This is the beginning of an ongoing series of blog posts on “Managing Big Data”. This series will focus on techniques that Yahoo uses to process large volumes of data, ranging from initial collection of data to the end usage of that data.
Over the last several years there are two important trends that require additional thought when putting together an architecture for a hosted service. At Yahoo!, the ability to analyze and process enormous amounts of data is increasingly important. It’s a foundational layer for improving our consumer experiences and for sharing audience insights with advertisers.
From a technology perspective, the two trends I'd like to focus on are:
1. Batch processing -- the increasing awareness of batch processing and the recent uptick in use of the map/reduce paradigm for that purpose.
2. NoSQL stores – The rise of so called "NoSQL" stores and their use to serve up data to online users (typically inside of the user's request/response cycle).
Both of these trends represent significant advances in the way that hosted systems are developed. But in order to derive the most value for an entire system, developers must think about how these two areas will work together in some holistic manner.
Let's look at a specific scenario to make this more concrete:
Making batch data available to the online system
Let's assume for the moment that you're building a new e-commerce site. And let's assume that one of the significant features of this e-commerce site is to provide user recommendations for which items a user may be interested in purchasing. This overall feature will decompose into batch component (to determine the recommendations to give to a user) and an online component (that will present the recommendations to end user).
For the batch system we may choose to use a map/reduce framework like Hadoop . The batch recommendation component will rely on various types of raw event data. Some examples include: the products the end user has viewed, the products they have purchased and types of searches the user has performed, etc. We will create a model using this data; perhaps based on a simple behavior model (e.g. if the user looks at a significant amount of sports equipment than recommend products in the sports equipment category) or a collaborative filtering model (e.g. if other users purchased the same products as this end user, recommend other products that they purchased).
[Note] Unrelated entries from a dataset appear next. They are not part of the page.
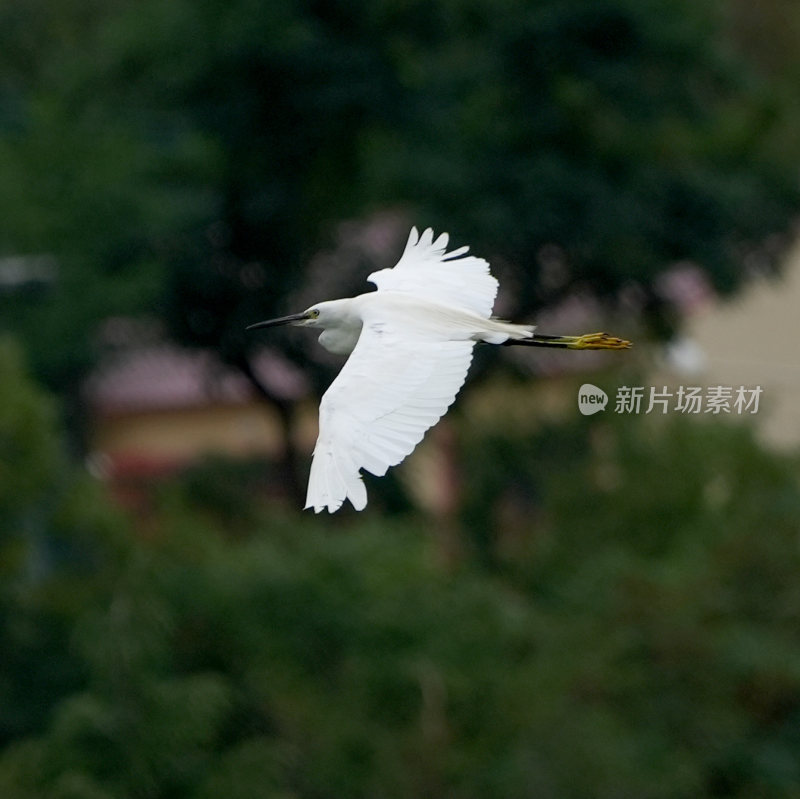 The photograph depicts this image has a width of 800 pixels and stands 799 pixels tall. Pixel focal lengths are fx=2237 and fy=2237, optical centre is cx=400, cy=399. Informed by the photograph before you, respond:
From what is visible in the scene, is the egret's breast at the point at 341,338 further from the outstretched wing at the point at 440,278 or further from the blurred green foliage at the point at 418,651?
the blurred green foliage at the point at 418,651

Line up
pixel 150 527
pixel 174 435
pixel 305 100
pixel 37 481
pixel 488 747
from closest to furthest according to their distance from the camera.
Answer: pixel 488 747 → pixel 37 481 → pixel 150 527 → pixel 305 100 → pixel 174 435

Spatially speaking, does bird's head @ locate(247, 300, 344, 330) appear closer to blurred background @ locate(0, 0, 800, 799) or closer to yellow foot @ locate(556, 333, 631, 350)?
yellow foot @ locate(556, 333, 631, 350)

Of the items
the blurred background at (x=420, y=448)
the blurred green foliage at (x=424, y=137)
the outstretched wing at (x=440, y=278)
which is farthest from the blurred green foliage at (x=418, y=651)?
the outstretched wing at (x=440, y=278)

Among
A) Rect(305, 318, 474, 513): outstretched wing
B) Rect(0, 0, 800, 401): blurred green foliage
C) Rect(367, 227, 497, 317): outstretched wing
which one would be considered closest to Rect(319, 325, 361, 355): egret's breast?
Rect(367, 227, 497, 317): outstretched wing

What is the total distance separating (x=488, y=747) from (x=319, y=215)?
9.81m

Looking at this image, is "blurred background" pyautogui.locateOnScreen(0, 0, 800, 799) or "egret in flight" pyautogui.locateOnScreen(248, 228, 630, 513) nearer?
"egret in flight" pyautogui.locateOnScreen(248, 228, 630, 513)

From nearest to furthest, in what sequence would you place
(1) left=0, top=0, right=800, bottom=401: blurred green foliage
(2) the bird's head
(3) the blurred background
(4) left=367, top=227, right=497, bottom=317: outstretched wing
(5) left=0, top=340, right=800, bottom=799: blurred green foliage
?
(2) the bird's head < (4) left=367, top=227, right=497, bottom=317: outstretched wing < (5) left=0, top=340, right=800, bottom=799: blurred green foliage < (3) the blurred background < (1) left=0, top=0, right=800, bottom=401: blurred green foliage

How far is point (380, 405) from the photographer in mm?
6488

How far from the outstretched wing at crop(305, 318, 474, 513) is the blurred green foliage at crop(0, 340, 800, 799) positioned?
6408 millimetres

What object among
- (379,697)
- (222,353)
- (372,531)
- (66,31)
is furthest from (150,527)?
(66,31)

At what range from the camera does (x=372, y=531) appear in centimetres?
1559

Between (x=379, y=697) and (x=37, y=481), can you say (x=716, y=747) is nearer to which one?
(x=379, y=697)

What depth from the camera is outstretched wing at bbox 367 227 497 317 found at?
7289mm

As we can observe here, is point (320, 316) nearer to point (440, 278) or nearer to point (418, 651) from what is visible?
point (440, 278)
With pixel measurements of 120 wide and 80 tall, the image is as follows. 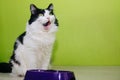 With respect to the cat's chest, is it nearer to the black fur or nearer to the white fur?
the white fur

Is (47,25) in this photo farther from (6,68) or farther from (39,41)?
(6,68)

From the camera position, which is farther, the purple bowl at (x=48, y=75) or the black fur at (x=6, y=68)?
the black fur at (x=6, y=68)

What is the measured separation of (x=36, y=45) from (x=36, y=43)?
10 millimetres

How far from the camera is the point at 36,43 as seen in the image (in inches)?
47.1

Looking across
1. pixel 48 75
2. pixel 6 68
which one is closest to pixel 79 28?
pixel 6 68

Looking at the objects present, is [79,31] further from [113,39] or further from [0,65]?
[0,65]

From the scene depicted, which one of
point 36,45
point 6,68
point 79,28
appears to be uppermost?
point 79,28

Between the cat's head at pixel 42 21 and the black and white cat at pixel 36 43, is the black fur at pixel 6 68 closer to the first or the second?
the black and white cat at pixel 36 43

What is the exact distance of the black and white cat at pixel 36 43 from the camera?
120 centimetres

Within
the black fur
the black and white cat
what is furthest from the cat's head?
the black fur

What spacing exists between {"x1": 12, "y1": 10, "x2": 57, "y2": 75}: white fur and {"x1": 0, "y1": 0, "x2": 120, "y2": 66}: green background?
0.28 meters

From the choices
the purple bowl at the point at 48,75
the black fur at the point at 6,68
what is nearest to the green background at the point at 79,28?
the black fur at the point at 6,68

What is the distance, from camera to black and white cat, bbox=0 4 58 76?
1.20 metres

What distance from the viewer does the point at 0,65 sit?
1358 millimetres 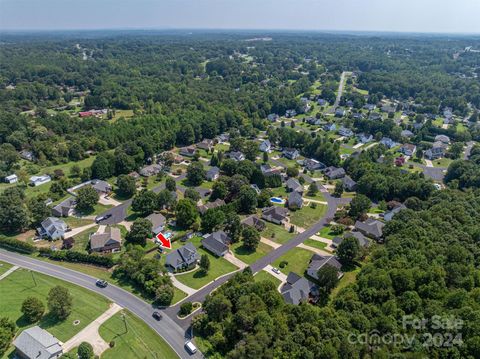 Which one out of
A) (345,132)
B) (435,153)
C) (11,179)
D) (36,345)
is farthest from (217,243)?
(435,153)

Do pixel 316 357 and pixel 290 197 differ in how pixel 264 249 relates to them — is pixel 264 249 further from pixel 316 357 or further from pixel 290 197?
pixel 316 357

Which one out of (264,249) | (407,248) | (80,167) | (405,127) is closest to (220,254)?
(264,249)

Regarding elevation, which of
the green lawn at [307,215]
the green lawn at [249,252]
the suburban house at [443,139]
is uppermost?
the suburban house at [443,139]

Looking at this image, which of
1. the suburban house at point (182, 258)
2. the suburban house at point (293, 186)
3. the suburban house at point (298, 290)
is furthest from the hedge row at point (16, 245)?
the suburban house at point (293, 186)

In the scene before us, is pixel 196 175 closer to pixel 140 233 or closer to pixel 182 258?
pixel 140 233

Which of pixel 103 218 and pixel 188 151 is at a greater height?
pixel 188 151

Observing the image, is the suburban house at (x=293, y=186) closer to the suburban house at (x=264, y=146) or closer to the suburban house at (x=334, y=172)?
the suburban house at (x=334, y=172) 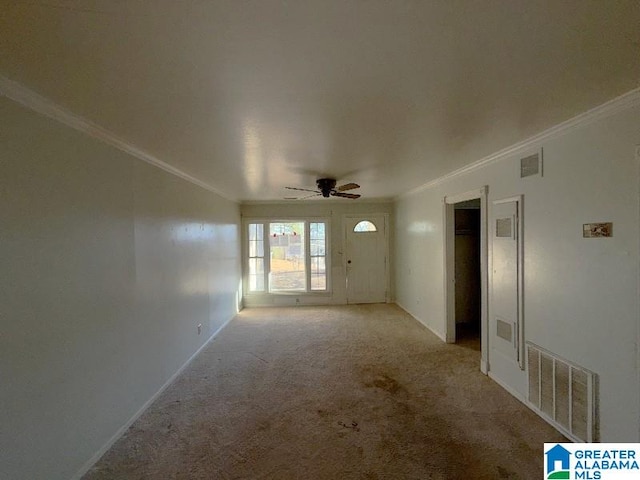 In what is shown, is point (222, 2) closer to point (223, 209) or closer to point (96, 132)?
point (96, 132)

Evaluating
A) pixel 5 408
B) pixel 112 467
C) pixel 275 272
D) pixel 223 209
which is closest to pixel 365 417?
pixel 112 467

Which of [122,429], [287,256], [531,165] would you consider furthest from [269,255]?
[531,165]

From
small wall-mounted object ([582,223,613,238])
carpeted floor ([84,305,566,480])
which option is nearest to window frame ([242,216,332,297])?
carpeted floor ([84,305,566,480])

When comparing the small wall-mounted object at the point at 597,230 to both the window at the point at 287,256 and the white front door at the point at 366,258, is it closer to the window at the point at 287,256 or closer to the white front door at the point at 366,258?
the white front door at the point at 366,258

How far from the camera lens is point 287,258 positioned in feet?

Once we have decided on the data inputs and the model for making recommendations, we'll like produce the output of the batch processing as a set of recommendations for each user on a Hadoop cluster.
There are two approaches we can then make for making the batch data available online in a NoSQL store.
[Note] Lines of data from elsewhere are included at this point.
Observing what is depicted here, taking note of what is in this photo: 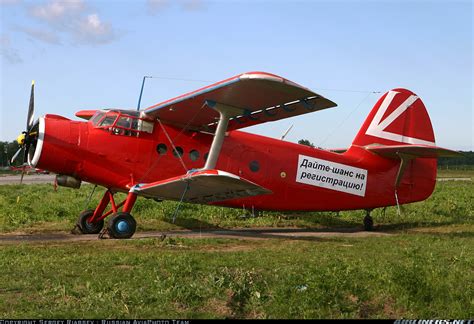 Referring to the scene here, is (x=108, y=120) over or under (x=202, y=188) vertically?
over

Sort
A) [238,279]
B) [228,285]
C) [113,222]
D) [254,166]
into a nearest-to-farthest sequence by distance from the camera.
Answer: [228,285] < [238,279] < [113,222] < [254,166]

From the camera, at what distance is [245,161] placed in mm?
14234

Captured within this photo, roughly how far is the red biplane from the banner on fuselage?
3 centimetres

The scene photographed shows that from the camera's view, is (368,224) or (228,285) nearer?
(228,285)

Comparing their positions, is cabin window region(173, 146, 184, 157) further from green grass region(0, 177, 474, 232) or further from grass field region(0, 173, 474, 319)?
grass field region(0, 173, 474, 319)

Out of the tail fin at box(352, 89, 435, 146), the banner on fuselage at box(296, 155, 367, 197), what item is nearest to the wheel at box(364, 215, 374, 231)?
the banner on fuselage at box(296, 155, 367, 197)

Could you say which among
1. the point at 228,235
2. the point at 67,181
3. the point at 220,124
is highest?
the point at 220,124

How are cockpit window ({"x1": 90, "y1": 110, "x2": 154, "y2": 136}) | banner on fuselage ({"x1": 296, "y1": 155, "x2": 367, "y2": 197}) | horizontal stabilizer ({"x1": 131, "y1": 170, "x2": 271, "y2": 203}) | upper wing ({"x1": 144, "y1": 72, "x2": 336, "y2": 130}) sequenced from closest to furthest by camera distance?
upper wing ({"x1": 144, "y1": 72, "x2": 336, "y2": 130}), horizontal stabilizer ({"x1": 131, "y1": 170, "x2": 271, "y2": 203}), cockpit window ({"x1": 90, "y1": 110, "x2": 154, "y2": 136}), banner on fuselage ({"x1": 296, "y1": 155, "x2": 367, "y2": 197})

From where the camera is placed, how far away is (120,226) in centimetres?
1179

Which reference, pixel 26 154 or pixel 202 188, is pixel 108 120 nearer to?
pixel 26 154

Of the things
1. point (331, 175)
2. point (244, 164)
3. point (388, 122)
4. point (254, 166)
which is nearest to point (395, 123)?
point (388, 122)

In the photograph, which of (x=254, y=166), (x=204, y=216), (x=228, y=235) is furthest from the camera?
(x=204, y=216)

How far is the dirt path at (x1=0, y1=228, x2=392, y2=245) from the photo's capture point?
39.7ft

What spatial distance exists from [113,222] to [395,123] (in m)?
9.33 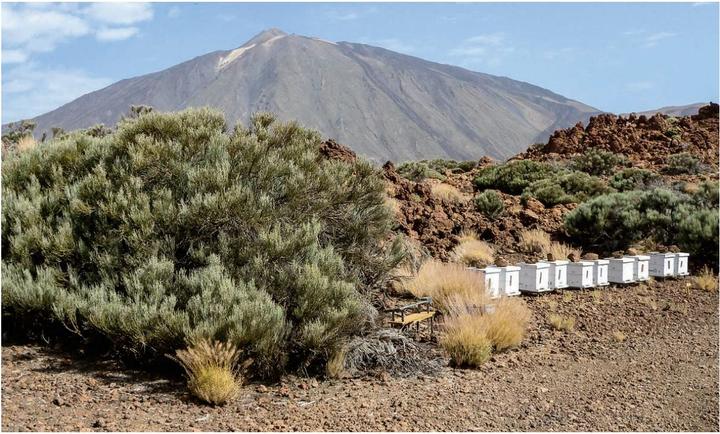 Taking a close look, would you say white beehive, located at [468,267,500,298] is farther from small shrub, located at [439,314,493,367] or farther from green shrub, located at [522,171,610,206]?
green shrub, located at [522,171,610,206]

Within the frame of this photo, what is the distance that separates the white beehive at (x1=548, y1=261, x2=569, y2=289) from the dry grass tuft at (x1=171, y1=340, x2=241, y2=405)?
19.4 feet

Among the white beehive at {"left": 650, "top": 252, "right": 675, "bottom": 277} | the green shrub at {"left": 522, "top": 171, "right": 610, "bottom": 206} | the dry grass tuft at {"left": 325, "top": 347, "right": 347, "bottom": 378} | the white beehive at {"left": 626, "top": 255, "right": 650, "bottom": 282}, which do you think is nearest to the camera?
the dry grass tuft at {"left": 325, "top": 347, "right": 347, "bottom": 378}

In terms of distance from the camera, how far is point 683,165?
2375cm

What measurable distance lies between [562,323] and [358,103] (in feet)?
503

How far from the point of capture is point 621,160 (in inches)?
986

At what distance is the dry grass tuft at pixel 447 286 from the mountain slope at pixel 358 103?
11741cm

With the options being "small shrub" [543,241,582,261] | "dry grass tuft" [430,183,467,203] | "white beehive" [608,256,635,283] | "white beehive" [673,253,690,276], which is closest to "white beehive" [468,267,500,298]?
"white beehive" [608,256,635,283]

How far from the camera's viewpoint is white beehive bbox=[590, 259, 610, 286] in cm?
1034

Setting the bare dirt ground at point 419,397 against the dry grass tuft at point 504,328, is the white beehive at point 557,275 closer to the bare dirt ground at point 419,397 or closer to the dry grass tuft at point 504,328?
the bare dirt ground at point 419,397

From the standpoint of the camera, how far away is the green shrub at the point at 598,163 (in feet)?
79.5

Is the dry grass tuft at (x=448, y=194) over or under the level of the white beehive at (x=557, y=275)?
over

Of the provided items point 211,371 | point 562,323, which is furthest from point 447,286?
point 211,371

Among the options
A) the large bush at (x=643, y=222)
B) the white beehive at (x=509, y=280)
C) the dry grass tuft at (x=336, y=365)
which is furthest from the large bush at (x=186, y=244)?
the large bush at (x=643, y=222)

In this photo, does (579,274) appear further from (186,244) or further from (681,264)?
(186,244) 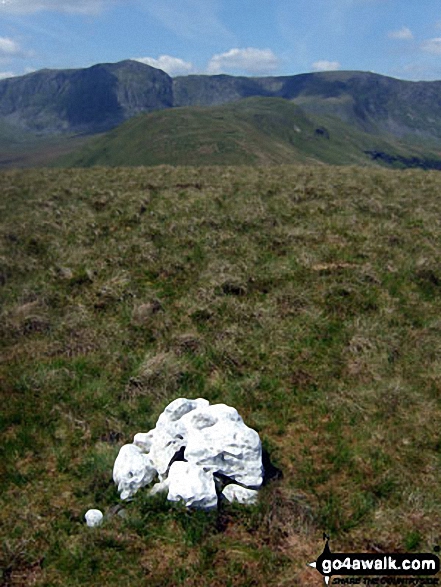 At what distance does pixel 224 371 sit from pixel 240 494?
379cm

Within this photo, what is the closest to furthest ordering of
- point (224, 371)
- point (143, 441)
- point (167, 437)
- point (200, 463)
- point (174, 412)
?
1. point (200, 463)
2. point (167, 437)
3. point (143, 441)
4. point (174, 412)
5. point (224, 371)

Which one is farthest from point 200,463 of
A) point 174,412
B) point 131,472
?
point 174,412

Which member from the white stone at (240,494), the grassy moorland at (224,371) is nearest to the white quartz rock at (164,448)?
the grassy moorland at (224,371)

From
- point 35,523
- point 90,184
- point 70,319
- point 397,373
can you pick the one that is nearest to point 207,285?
point 70,319

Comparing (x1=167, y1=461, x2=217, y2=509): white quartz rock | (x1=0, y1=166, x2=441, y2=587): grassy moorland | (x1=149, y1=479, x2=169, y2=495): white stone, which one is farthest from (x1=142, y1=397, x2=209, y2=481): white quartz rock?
(x1=0, y1=166, x2=441, y2=587): grassy moorland

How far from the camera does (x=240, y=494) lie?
6984 mm

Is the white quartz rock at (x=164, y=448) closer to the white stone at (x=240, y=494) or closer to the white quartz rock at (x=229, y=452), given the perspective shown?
the white quartz rock at (x=229, y=452)

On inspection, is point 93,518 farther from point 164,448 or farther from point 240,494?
point 240,494

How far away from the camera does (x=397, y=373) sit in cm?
1046

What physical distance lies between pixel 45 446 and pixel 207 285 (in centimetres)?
735

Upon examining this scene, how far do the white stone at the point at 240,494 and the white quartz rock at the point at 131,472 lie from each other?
130 cm

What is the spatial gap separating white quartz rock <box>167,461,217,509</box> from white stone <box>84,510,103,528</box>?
110 centimetres

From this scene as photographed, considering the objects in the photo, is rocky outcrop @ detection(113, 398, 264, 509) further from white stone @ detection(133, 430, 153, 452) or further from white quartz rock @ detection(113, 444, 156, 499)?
white stone @ detection(133, 430, 153, 452)

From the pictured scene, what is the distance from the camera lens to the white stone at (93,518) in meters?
6.58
In this approach as part of the batch processing, we will recreate the set of recommendations for all users. It also may be possible to create a native version of the online store format in the batch system. This is generally only possible if there is no scenario where the data (user recommendations for products in this case) is updated in the online store. There must also exist a library to write the into the online store's file format (not all NoSQL stores have such as library).
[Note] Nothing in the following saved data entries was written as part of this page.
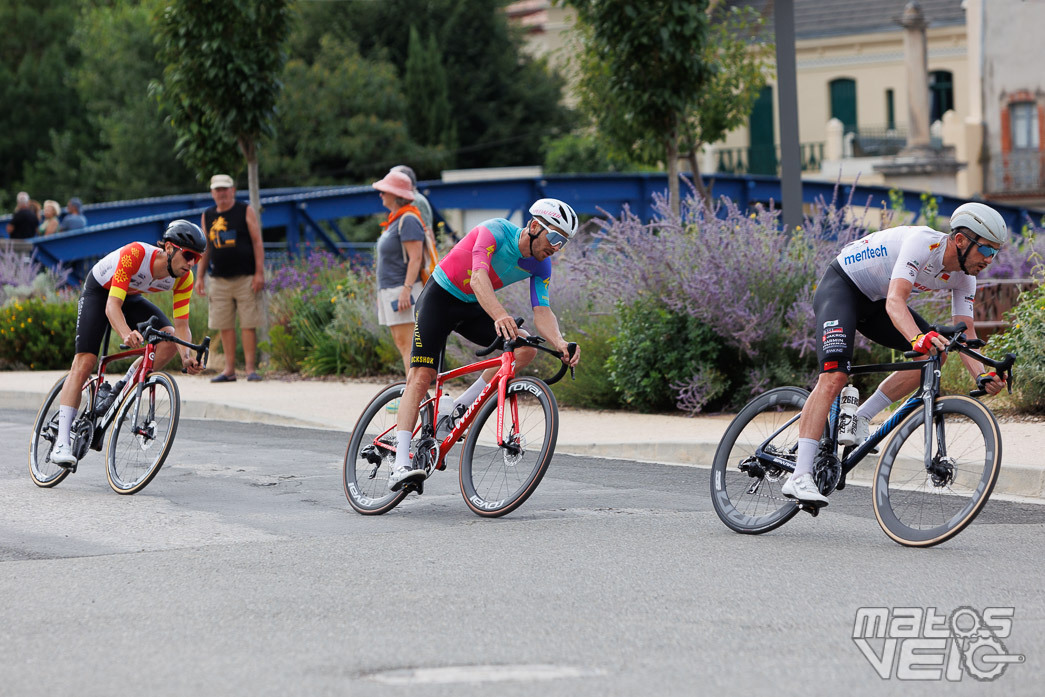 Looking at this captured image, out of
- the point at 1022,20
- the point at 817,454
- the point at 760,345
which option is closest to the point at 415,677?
the point at 817,454

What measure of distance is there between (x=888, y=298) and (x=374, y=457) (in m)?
2.96

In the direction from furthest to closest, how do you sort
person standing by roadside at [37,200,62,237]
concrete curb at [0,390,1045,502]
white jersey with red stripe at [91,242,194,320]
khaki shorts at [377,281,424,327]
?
1. person standing by roadside at [37,200,62,237]
2. khaki shorts at [377,281,424,327]
3. white jersey with red stripe at [91,242,194,320]
4. concrete curb at [0,390,1045,502]

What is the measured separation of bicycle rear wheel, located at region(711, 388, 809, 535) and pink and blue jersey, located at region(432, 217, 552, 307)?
1.26m

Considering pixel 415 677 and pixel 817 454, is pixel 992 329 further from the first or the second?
pixel 415 677

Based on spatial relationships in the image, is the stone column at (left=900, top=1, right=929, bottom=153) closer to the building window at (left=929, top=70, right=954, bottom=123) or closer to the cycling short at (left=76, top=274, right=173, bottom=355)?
the building window at (left=929, top=70, right=954, bottom=123)

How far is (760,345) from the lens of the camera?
12.0m

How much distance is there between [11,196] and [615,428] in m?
56.1

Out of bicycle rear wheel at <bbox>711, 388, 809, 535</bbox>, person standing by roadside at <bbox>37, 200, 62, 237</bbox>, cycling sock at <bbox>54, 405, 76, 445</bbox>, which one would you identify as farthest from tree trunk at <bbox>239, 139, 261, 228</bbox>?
bicycle rear wheel at <bbox>711, 388, 809, 535</bbox>

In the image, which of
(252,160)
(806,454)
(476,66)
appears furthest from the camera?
(476,66)

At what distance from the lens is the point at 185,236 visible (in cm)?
877

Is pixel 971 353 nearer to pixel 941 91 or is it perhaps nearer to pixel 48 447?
pixel 48 447

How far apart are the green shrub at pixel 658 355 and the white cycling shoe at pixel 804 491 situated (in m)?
4.74

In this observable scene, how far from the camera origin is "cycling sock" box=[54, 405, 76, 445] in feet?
29.9

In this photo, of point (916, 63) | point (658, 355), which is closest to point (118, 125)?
point (916, 63)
This approach is attractive for a couple of reasons:
- There should not be any consistency issues between your offline and online representation of the data as you are always creating an entirely new copy of the online data at some interval (for instance once a day).
- This approach should have the least impact of your online store performance if you can perform a "swap" with new data set. How this would work is that the newly created set of recommendations are pushed in the native NoSQL store format to the online stores physical boxes. Once there each of the NoSQL stores are "upgraded" to start using the new copy of the recommendations and stop using the old version.
2. Incremental/Delta updates
Taking an incremental update approach between your offline and online store entails creating a new set incremental data changes in your batch system. For instance, creating a new set of user recommendations for newly joined users or users that have had some recent activity (which would change the recommendations). This incremental data must then be pushed to the online store.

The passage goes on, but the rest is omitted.